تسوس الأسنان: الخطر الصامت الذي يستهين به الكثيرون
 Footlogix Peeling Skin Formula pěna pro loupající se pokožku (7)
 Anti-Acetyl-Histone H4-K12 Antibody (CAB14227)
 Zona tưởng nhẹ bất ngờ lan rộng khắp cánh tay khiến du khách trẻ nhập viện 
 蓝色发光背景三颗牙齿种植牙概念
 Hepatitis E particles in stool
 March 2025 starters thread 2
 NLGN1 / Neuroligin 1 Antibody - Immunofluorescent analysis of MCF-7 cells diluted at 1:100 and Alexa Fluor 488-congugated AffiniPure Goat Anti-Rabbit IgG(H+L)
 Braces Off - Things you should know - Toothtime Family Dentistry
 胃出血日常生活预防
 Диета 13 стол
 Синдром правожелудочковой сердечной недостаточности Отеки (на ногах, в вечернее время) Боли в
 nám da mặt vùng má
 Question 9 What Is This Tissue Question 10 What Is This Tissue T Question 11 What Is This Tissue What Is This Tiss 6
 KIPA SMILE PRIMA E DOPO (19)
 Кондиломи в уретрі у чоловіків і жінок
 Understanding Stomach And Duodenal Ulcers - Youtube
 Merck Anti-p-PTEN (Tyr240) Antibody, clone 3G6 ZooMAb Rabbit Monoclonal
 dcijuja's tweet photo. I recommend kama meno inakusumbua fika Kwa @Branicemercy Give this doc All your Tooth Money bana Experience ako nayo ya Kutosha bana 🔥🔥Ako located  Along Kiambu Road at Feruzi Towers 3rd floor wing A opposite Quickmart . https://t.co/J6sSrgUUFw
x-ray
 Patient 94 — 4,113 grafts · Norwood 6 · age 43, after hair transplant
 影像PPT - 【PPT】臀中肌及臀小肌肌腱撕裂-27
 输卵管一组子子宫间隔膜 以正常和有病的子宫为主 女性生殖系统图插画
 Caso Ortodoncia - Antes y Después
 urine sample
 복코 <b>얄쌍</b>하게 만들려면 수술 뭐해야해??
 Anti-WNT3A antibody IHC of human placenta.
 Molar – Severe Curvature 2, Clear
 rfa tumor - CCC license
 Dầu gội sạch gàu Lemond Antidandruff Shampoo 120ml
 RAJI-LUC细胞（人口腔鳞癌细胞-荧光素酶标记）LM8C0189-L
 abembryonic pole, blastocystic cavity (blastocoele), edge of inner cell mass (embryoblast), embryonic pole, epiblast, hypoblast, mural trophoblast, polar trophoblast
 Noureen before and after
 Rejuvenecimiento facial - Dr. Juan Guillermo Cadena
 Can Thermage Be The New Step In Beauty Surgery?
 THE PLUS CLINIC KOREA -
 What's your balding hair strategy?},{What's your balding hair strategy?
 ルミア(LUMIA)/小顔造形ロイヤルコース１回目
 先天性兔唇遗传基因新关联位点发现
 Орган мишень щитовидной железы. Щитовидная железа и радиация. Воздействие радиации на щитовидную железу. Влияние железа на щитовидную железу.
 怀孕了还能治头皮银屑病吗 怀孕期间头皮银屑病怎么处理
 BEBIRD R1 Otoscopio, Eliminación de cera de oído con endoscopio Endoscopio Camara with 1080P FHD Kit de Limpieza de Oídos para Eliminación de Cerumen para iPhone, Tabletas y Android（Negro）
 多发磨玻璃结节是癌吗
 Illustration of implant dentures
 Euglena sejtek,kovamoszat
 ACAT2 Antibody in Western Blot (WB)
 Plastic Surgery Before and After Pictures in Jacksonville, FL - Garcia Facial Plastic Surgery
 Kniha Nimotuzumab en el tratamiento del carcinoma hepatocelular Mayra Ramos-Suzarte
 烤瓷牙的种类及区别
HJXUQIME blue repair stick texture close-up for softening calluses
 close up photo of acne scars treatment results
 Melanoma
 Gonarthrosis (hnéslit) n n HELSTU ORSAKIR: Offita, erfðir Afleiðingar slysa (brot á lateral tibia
—————
> [The task]
Lines containing the string "Surgery" are the ones to copy from the entries above.

> [Output for this task]
 Can Thermage Be The New Step In Beauty Surgery?
 Plastic Surgery Before and After Pictures in Jacksonville, FL - Garcia Facial Plastic Surgery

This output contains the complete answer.